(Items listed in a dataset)
##############################
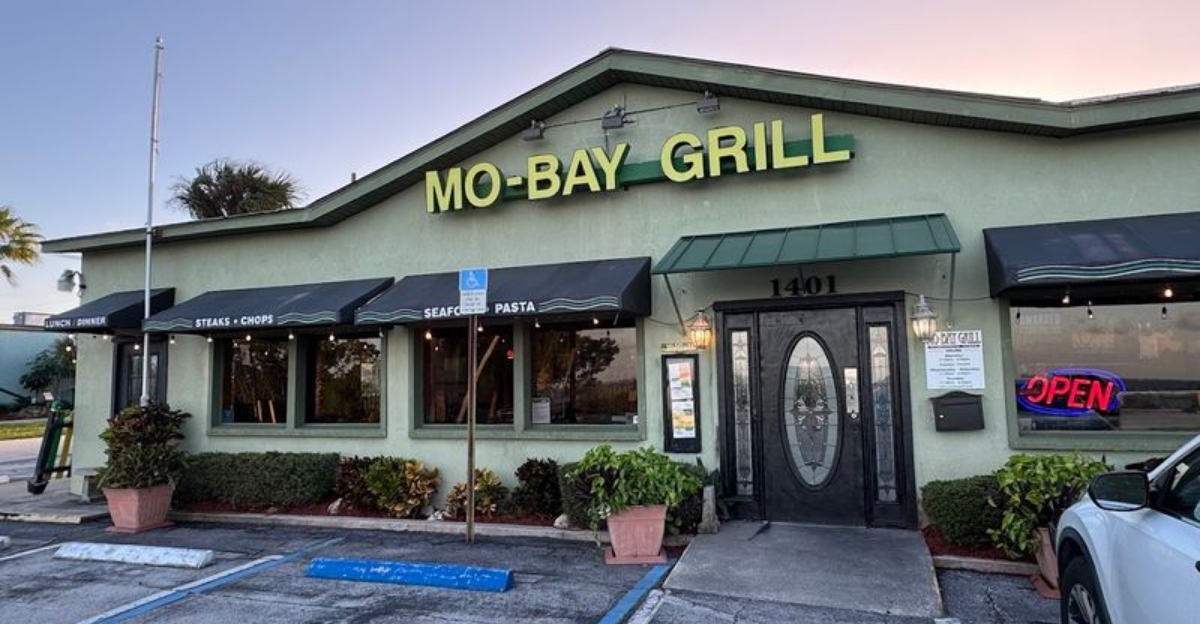 This amazing Caribbean restaurant on Floridas coast is still unknown to most people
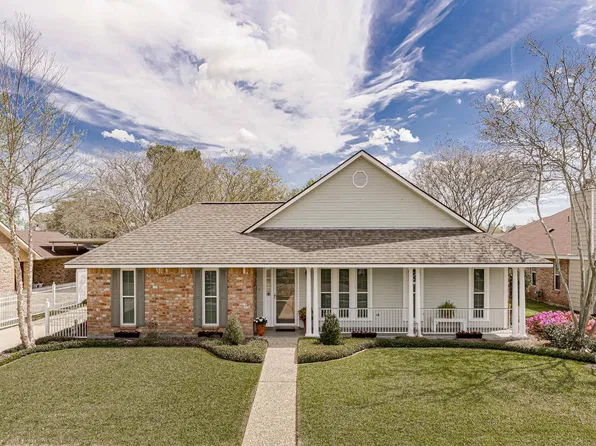15226 Woodmoss Dr, Baton Rouge, LA 70816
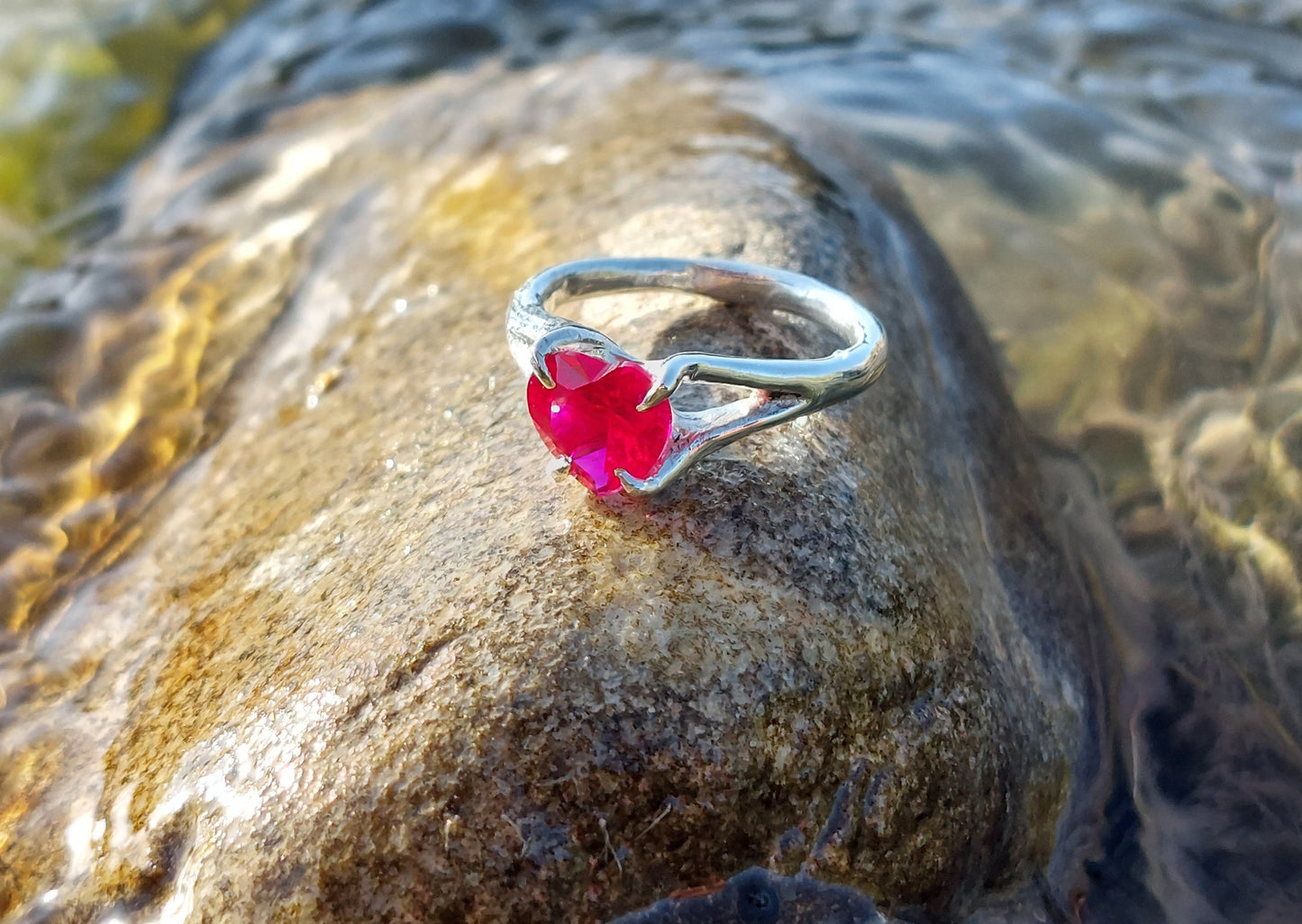 Solitario in argento con Rubino (sintetico) taglio cuore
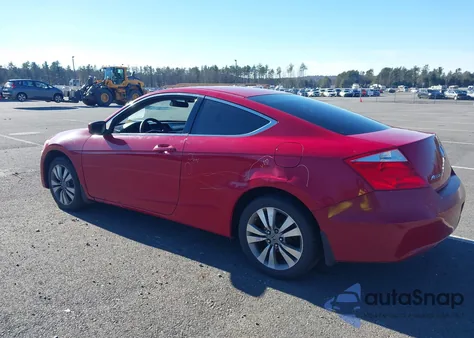 2010 Honda Accord 2.4 Ex z USA, uszkodzony, nr VIN 1HGCS1B75AA006445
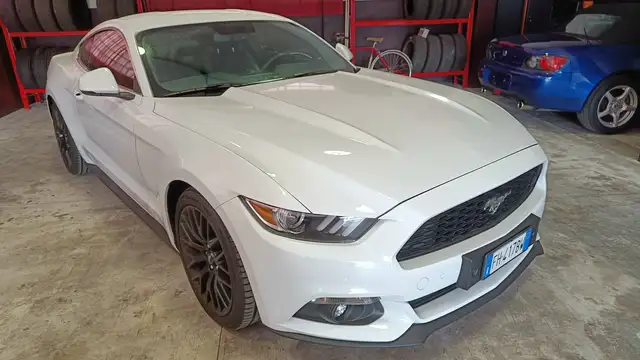 Ford Mustang Mustang VI 2017 Fastback Fastback 2.3 ecoboost 317cv auto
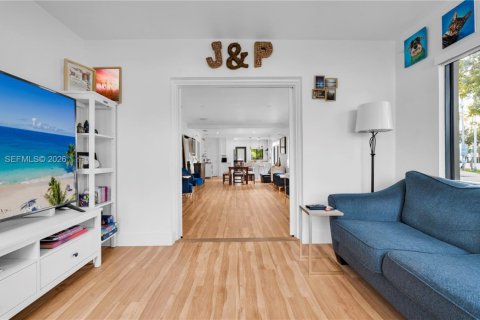 Купить виллу или дом в Майами, Флорида 3 спальни, 124.49м2, № 2026401 - фото 18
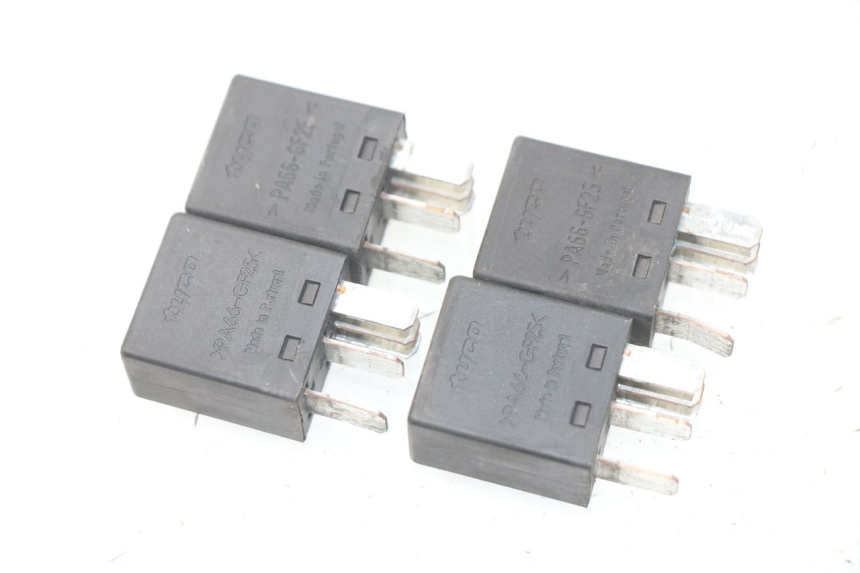 photo de RELAY PEUGEOT SATELIS 500 (2007 - 2013) - Component detail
##############################
What you need to do: Copy only the part of the records that runs from the first line to the line with "Ford Mustang Mustang", ends included, leaving pictures out.

Reply to the task:
 This amazing Caribbean restaurant on Floridas coast is still unknown to most people
15226 Woodmoss Dr, Baton Rouge, LA 70816
 Solitario in argento con Rubino (sintetico) taglio cuore
 2010 Honda Accord 2.4 Ex z USA, uszkodzony, nr VIN 1HGCS1B75AA006445
 Ford Mustang Mustang VI 2017 Fastback Fastback 2.3 ecoboost 317cv auto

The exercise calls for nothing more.